WHAT IS NEEDED: All the lines below need to be transcribed exactly. Pictures get left out.

RECORDED DATA:

━━━━

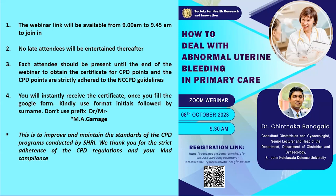Today's webinar will be on how to deal with abnormal uterine bleeding in primary care, by Dr. Cintheta Barnagala, Consultant Obstetrician and Gynecologist, Senior Lecturer and Head of the Department of Obstetrics and Gynecology, Sir John Kutulawala Defence University. Over to you, sir.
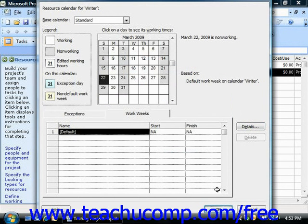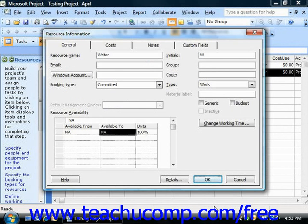When you're finished, click OK, and then click OK within the Resource Information dialog box in order to save the changes to the selected work resource's schedule.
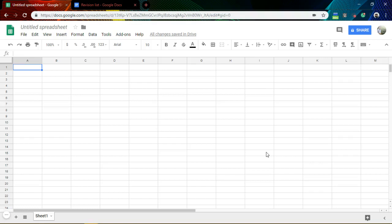Hi guys, I'm Jensan. In this video, I will create a progress tracker — something like a progress manager or a task manager.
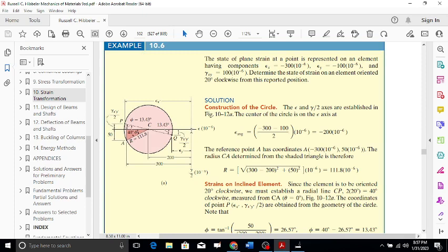We first plot the center point C of the circle. The origin is marked, and from the origin, the center C is at -200 on the x-axis (negative side). We also need to locate point A: epsilon_x = -300 micro and gamma_xy = 100 micro.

━━━━

TASK RESPONSE:
Today's webinar will be on how to deal with abnormal uterine bleeding in primary care, by Dr. Cintheta Barnagala, Consultant Obstetrician and Gynecologist, Senior Lecturer and Head of the Department of Obstetrics and Gynecology, Sir John Kutulawala Defence University. Over to you, sir.
When you're finished, click OK, and then click OK within the Resource Information dialog box in order to save the changes to the selected work resource's schedule.
Hi guys, I'm Jensan. In this video, I will create a progress tracker — something like a progress manager or a task manager.
We first plot the center point C of the circle. The origin is marked, and from the origin, the center C is at -200 on the x-axis (negative side). We also need to locate point A: epsilon_x = -300 micro and gamma_xy = 100 micro.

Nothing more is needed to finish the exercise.